• [EXERCISE DIRECTIONS] Count every line in the data below where "Lane" occurs, then state that number and nothing more.

Records excerpted from a collection
************

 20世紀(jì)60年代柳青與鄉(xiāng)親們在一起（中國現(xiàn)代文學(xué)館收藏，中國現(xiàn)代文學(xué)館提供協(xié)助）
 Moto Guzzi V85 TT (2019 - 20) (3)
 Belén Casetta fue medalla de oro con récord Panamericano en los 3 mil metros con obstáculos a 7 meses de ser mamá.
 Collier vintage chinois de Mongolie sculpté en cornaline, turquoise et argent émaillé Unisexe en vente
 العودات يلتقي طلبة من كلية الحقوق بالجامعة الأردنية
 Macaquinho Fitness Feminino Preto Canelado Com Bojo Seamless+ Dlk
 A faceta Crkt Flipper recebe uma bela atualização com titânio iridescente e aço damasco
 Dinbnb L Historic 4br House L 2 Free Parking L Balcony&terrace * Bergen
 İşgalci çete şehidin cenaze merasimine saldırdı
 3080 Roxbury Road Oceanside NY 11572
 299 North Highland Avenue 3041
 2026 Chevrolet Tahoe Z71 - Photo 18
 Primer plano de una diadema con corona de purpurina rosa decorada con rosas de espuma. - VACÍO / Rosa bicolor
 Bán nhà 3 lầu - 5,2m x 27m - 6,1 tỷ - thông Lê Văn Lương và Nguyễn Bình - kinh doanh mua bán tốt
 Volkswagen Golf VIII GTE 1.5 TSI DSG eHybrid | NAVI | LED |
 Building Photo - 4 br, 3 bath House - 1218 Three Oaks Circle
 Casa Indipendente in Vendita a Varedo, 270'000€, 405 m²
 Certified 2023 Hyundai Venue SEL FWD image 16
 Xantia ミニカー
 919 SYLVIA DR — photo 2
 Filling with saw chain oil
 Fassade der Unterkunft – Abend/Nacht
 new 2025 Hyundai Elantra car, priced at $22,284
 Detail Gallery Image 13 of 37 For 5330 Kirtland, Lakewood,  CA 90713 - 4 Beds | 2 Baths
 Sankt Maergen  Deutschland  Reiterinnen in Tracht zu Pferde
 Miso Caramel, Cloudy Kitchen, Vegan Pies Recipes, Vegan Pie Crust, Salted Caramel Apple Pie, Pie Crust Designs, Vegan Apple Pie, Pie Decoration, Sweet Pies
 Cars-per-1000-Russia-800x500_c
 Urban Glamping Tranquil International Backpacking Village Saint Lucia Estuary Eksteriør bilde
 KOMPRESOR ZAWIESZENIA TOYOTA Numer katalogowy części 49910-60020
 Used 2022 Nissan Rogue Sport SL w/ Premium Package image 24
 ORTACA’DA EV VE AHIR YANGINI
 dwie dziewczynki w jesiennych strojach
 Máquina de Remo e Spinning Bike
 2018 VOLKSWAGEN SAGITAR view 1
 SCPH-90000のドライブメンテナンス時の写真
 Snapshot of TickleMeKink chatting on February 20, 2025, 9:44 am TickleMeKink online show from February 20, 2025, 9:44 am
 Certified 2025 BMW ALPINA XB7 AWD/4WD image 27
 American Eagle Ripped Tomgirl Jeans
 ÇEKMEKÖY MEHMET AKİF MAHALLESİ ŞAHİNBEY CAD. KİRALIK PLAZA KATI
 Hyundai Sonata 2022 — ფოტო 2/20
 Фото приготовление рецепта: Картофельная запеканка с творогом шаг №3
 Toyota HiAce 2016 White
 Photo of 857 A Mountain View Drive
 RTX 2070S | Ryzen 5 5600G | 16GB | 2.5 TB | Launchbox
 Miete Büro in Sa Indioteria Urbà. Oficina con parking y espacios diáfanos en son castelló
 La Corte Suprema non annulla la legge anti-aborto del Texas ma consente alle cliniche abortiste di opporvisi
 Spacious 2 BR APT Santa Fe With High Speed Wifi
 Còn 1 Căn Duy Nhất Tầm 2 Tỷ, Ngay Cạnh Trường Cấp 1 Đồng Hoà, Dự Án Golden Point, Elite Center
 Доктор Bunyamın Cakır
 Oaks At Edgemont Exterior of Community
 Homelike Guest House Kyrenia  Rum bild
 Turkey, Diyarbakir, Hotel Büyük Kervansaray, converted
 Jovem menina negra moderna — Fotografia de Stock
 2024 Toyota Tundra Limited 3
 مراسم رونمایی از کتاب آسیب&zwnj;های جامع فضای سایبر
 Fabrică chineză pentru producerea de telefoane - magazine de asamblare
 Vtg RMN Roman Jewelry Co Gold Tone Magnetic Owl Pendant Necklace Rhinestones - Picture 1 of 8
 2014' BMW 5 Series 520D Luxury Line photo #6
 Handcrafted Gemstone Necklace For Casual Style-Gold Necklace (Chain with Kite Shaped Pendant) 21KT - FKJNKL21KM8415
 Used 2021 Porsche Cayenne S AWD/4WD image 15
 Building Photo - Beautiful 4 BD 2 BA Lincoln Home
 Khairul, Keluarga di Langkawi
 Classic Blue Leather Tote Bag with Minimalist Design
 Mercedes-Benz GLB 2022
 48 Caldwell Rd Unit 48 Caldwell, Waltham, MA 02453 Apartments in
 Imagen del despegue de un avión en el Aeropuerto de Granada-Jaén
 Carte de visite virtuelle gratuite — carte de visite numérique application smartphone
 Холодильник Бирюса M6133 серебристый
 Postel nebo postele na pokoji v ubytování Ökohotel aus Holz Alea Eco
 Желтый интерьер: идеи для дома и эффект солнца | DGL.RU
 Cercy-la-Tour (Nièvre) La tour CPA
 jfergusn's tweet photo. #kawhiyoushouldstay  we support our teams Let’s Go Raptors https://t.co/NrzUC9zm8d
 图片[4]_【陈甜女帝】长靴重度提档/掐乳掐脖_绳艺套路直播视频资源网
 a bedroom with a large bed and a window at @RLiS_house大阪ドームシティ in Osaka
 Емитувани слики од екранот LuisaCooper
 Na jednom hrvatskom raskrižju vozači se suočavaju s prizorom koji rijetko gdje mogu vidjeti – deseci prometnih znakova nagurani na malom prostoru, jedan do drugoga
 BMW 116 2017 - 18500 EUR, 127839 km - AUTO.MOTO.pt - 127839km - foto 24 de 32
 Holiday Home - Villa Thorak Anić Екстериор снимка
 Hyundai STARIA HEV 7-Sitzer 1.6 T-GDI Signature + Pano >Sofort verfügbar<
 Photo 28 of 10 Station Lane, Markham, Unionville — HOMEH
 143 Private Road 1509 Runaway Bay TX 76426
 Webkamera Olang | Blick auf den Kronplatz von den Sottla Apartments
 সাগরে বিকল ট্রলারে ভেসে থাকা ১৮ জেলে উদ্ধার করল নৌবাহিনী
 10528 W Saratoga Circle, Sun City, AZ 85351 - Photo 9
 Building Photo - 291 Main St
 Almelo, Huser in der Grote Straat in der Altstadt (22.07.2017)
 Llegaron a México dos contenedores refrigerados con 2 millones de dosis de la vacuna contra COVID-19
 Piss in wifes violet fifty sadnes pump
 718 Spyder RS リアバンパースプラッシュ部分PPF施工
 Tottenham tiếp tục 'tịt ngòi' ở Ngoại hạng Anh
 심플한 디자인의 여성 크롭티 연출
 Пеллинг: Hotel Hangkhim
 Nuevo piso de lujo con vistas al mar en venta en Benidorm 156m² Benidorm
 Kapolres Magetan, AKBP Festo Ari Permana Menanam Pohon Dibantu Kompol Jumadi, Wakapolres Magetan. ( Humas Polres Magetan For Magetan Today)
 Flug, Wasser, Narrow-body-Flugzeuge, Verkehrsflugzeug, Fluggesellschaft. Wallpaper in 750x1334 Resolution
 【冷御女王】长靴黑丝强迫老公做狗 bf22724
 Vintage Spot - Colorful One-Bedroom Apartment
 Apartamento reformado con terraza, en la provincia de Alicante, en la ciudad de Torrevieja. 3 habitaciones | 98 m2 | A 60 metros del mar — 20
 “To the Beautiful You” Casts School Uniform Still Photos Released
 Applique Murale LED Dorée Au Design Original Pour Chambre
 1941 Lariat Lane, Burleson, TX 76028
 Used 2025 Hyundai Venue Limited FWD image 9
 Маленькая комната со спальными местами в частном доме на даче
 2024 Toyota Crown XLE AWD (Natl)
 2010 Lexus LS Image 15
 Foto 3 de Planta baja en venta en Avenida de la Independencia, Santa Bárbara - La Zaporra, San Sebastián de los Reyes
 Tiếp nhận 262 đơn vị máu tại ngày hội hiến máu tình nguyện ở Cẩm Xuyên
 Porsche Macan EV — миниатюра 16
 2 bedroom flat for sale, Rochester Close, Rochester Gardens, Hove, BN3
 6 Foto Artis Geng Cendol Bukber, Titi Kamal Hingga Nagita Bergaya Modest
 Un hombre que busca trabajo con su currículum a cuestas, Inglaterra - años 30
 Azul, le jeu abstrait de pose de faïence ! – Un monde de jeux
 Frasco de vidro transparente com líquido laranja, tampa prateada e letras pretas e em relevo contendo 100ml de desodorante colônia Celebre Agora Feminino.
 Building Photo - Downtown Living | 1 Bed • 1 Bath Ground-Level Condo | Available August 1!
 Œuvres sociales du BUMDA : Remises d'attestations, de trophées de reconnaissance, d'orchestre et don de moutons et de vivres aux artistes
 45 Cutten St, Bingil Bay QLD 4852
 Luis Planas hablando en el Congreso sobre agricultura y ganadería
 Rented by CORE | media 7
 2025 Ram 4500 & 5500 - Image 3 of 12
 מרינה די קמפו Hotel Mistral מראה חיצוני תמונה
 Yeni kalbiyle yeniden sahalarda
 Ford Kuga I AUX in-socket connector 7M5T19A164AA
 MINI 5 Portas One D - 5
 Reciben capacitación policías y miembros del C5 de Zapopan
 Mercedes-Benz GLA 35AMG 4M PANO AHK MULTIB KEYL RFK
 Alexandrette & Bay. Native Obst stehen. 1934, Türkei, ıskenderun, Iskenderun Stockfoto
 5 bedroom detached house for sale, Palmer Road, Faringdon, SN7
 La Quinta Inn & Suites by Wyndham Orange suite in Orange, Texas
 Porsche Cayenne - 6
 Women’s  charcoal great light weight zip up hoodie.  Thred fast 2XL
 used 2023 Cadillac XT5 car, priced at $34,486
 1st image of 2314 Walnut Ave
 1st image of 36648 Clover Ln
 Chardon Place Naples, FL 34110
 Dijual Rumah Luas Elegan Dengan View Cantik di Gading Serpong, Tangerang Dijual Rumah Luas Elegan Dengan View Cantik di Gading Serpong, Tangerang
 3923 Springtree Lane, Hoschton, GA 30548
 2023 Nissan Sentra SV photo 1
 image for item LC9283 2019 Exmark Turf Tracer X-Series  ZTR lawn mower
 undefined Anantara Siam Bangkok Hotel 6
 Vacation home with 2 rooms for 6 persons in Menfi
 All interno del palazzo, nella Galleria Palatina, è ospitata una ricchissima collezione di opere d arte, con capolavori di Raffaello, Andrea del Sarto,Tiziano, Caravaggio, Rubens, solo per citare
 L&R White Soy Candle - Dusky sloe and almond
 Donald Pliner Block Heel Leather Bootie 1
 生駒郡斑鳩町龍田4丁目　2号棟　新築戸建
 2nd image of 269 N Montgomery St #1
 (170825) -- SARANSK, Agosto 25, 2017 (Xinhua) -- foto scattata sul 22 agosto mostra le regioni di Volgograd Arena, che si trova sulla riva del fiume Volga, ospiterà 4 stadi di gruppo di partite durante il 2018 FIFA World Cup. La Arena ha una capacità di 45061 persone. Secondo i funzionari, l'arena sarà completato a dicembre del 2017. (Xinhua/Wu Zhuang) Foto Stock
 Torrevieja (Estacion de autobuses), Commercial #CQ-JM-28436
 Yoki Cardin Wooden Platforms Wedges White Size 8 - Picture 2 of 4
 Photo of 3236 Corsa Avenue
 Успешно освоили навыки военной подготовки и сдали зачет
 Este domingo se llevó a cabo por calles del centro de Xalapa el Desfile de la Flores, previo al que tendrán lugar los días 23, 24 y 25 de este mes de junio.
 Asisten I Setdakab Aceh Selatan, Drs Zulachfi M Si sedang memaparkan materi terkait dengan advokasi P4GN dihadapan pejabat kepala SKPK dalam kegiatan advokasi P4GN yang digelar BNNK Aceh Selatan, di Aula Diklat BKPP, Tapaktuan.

************

• [RESULT OF THIS EXERCISE] 3